De sfeer is bedrukt, voorafgaand aan de bijeenkomst Mijn Israël | Mijn Palestina in het café van het Joods Museum. Een beetje gespannen zelfs. Het is warm, er wordt weinig en alleen met gedempte stemmen gesproken. Een deel van het publiek behoort tot de Joodse gemeenschap die vaak in het museum te vinden is, een ander deel juist helemaal niet. Mensen kijken ernstig. Hoe kan het ook anders?

Sinds 7 oktober 2023 is de wereld voor iedereen, maar in het bijzonder voor de mensen in deze zaal, onherstelbaar veranderd. Bijna negen maanden van terreur, bommen, dood en verderf hebben erin gehakt.

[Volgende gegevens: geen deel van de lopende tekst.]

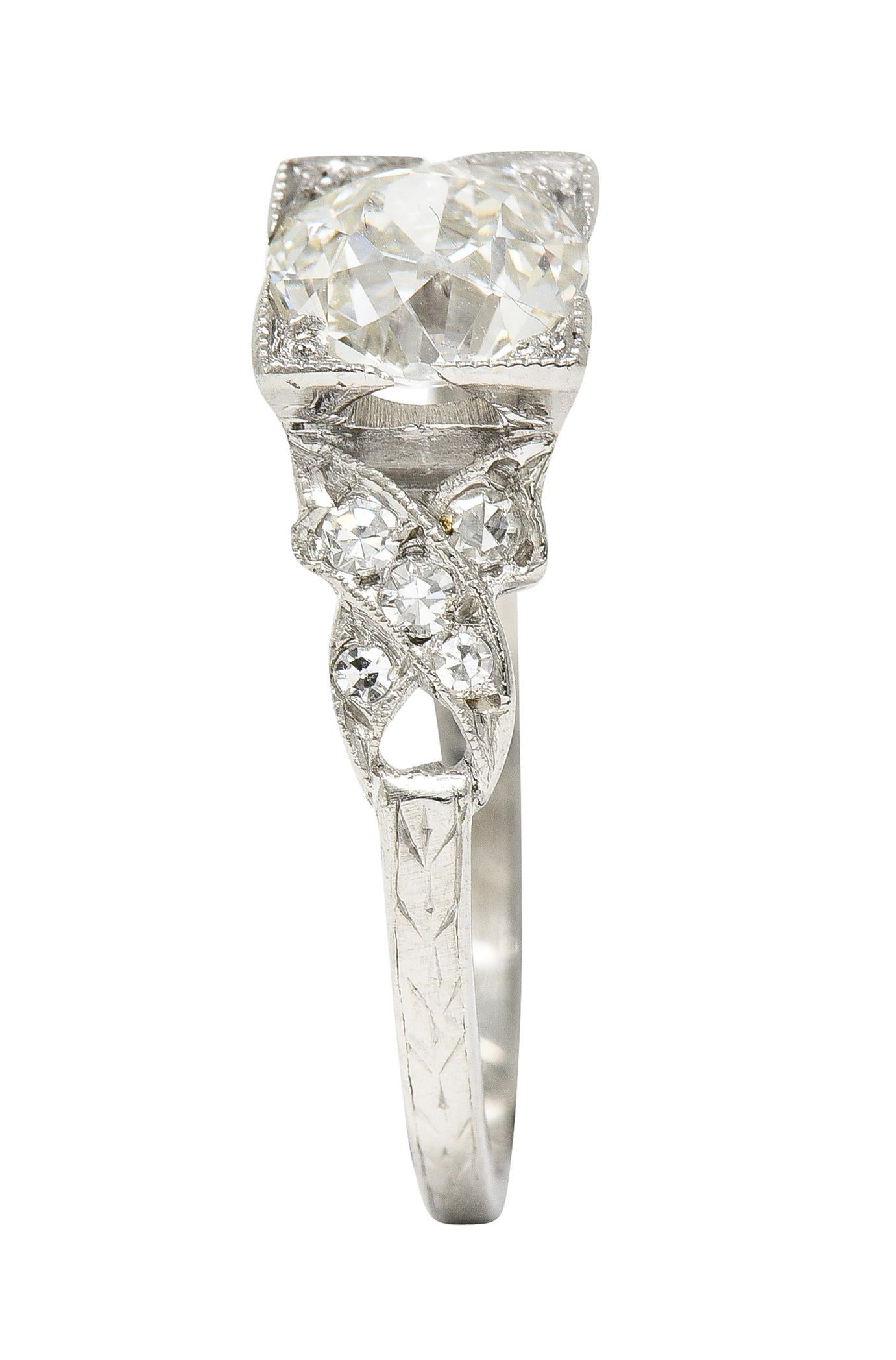 Women's or Men's Art Deco 1.37 CTW European Diamond Platinum Ribbon Vintage Engagement Ring GIA For Sale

De oorlog mag dan 4.500 kilometer van ons vandaan zijn, voor velen voelt hij heel dichtbij. Vanwege familieleden en andere dierbaren die worden getroffen. Maar ook vanwege de talloze gepolariseerde discussies en demonstraties die in Nederland zijn ontstaan. Zelfs als je geen ‘skin in the game’ (waarover later meer) hebt en je vooral doordrongen bent van de uitzichtloosheid van de situatie, kan van beide kanten van je geëist worden om een loyaliteitsverklaring af te geven. Doe je dat niet, dan kan het over zijn met de vriendschap. Echt luisteren naar de ander is er vaak niet bij.

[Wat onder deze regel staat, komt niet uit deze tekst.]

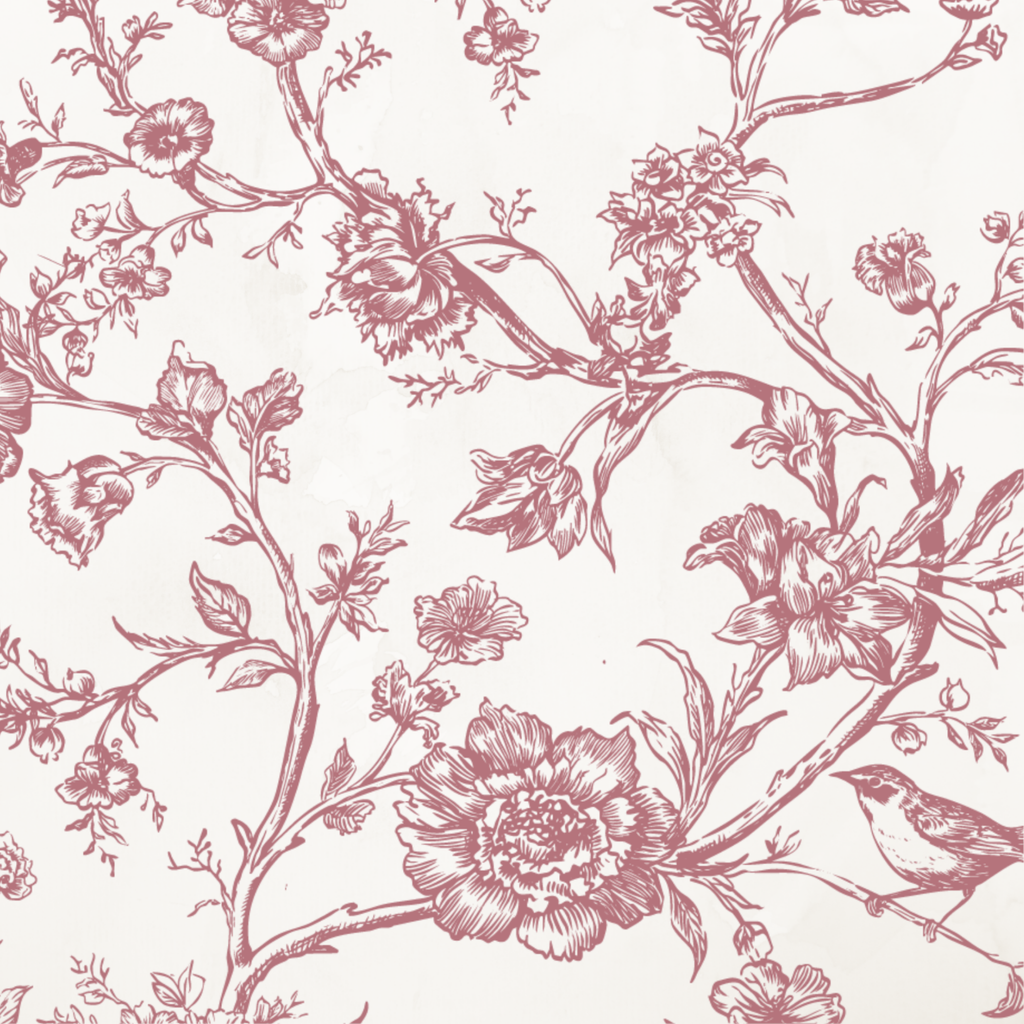 Rococo Affair Pink Toile Botanical Illustration Set PNG & SVG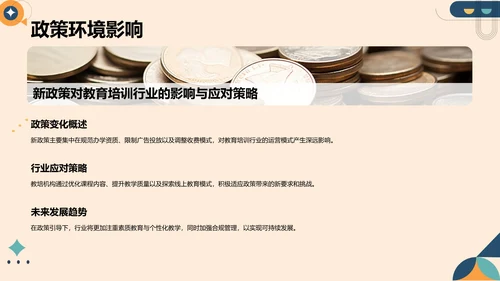 橙色扁平风教育培训行业年终总结PPT模板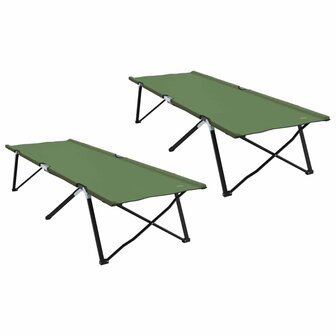 Opvouwbaar Veldbed 2 pcs Groen 206 x 76 x 74 cm 2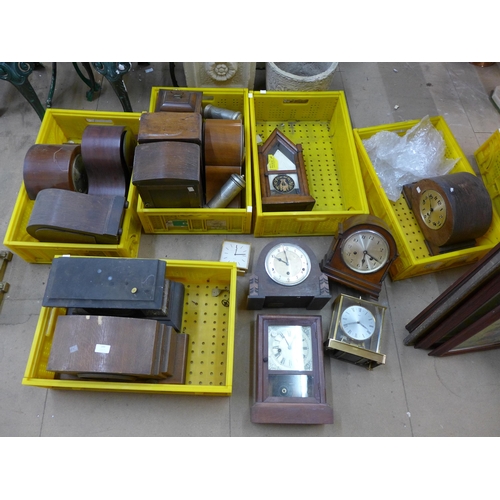 249 - Five boxes of assorted mantel clocks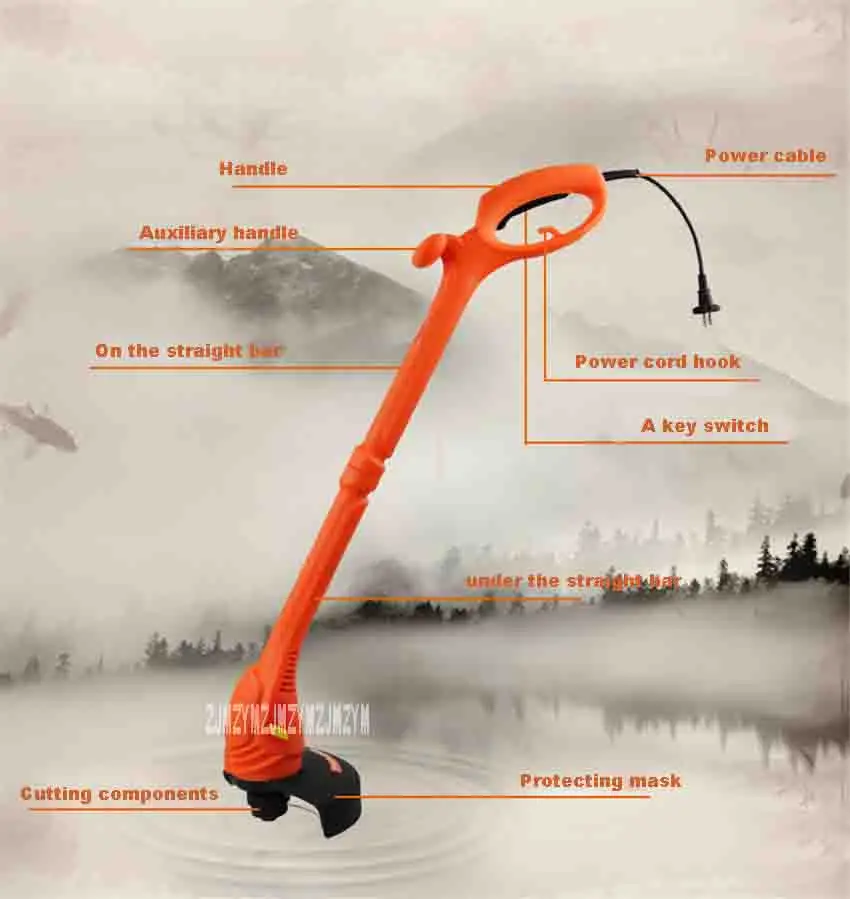 ZJMZYM новая RI-WT-0350-EXP, электрическая газонокосилка, портативные садовые инструменты для обрезки во дворе, триммер для травы, 350 Вт, 220 В-50 Гц, 11000 об/мин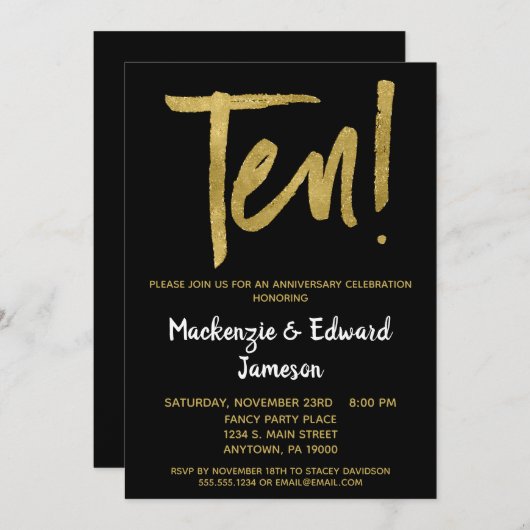 Uitnodiging 10-jarig jubileum Black Gold Script (Voorkant / Achterkant)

Dat laatste is precies de reden waarom op deze zondagavond zo’n 150 mensen naar deze bijeenkomst zijn gekomen, waarin Joris Luyendijk in gesprek gaat met twee Joodse en twee Palestijnse Nederlanders. Het hadden ook duizend toeschouwers meer kunnen zijn, als het programma in een grotere zaal was gehouden: de tickets waren in een mum van tijd uitverkocht. Blijkbaar bestaat er, ondanks of juist dankzij het precaire onderwerp, grote behoefte emoties te ventileren en verhalen over de oorlog te delen zonder direct in een verhit debat verzeild te raken.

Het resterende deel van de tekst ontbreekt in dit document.